Its researchers also flagged a remote code execution (RCE) and elevation of privilege (EoP) vulnerability in Microsoft Exchange Server that when chained, form the previously disclosed exploit known as ProxyNotShell.

“Given its dominance as an operating system for both individual users and corporate environments, Microsoft Windows is consistently a target for vulnerability exploitation,” said the Insikt Group researchers, “but the bumper crop of zero-day vulnerabilities associated with Microsoft Windows in November 2022 was surprising even in the midst of a year of high-profile and often high numbers of zero-days.”

Meanwhile, Google’s team patched CVE-2022-4135, an RCE zero-day in the Google Chrome web browser, after finding threat actors exploiting it in the wild. This is the eighth Chrome zero-day to have been found in 2022, and successfully exploited causes a heap buffer overflow in three versions of Chrome.

The Insikt Group said that given the widespread use of Chrome and Chrome-based browsers, this issue bears close attention.

“Web browsers like Microsoft Edge, Brave, Opera, and Vivaldi are also vulnerable to exploits of this flaw because they are Chromium-based, which means that, ironically, Google’s disclosure added at least one more zero-day vulnerability to the list of those that Microsoft defenders need to worry about,” they said.

Further to this, another vulnerability in Google Chrome, tracked as CVE-2022-4262, was disclosed and added to the US Cybersecurity and Infrastructure Security Agency’s (CISA’s) Known Exploited Vulnerabilities (KEV) catalogue on 2 December.

CVE-2022-4262 is a V8 type confusion vulnerability in the Chromium V8 engine, and Google said it was aware of an exploit in the wild.
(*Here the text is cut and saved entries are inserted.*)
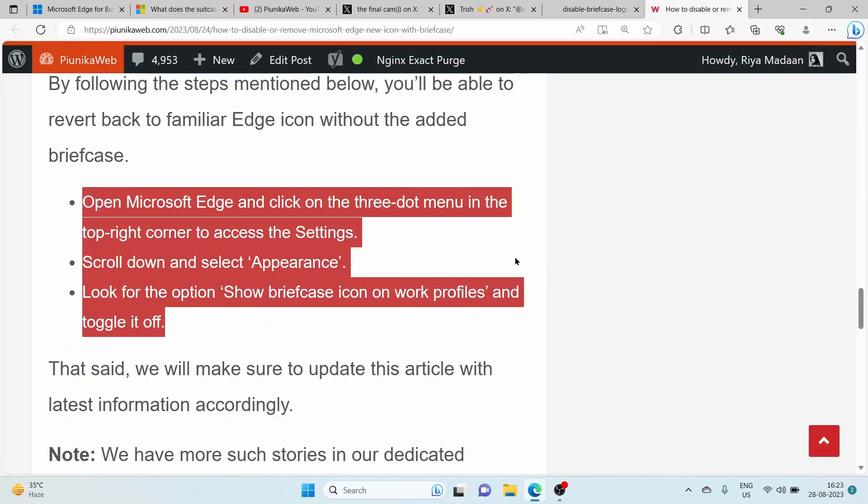Fortunately, Microsoft has provided a way to turn off the briefcase overlay. In order to do so, you can check the highlighted part on your screen.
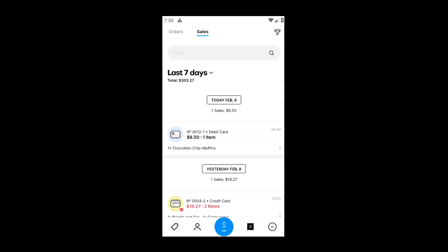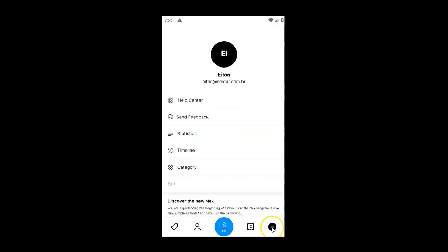So let's go to the administration screen by clicking on the last icon on the bottom menu. Inside, click on statistics.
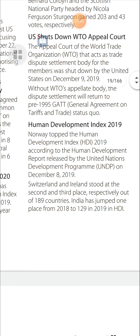Human Development Index 2019: Norway topped the Human Development Index (HDI) 2019 according to the Human Development Report released by the United Nations Development Programme (UNDP) on December 8, 2019. Switzerland and Ireland ranked second and third respectively. Out of 189 countries, India jumped one place from 130 in 2018 to 129 in 2019 in the HDI.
It has been fixed in an update rolled out last week, but its inclusion in the KEV catalogue – a list of important bugs that US government organisations are obliged to fix on a rolling monthly schedule – means it warrants immediate attention from corporate security teams.

Also appearing on Recorded Future’s list, and added to the KEV catalogue within the past fortnight, is CVE-2022-35587, an RCE vulnerability in Oracle Fusion Middleware Access Manager which successfully exploited, allows an unauthenticated actor with network access over HTTP to take over Access Manager. This carries a CVSS base score of 9.8 and is not hard to exploit – and worse, it was initially disclosed in January 2022, but has since popped back up again.

“The active exploitation of the vulnerability follows the disclosure of proof-of-concept (POC) exploits for the vulnerability, which have been available for ‘several months’, according to SecurityWeek,” said the Insikt team.

Besides the six Microsoft zero-days, and the others described above, the Insikt team also listed three other noteworthy vulnerabilities from November that may not be as widespread, but will prove particularly impactful for those they affect.

These are CVE-2022-38374 in Fortinet’s FortiADC web application authentication/authorisation service, CVE-2022-39307 in Grafana’s data visualisation platform, and CVE-2022-43781 in Atlassian’s BitBucket Git-based source code repository.

The team observed that both Atlassian and Fortinet have already seen critical vulnerability exploitation in 2022, and pointed out that the Fortinet vulnerability in particular “is the type of vulnerability that is attractive to criminals or nation-state groups looking to compromise a key piece of network infrastructure”.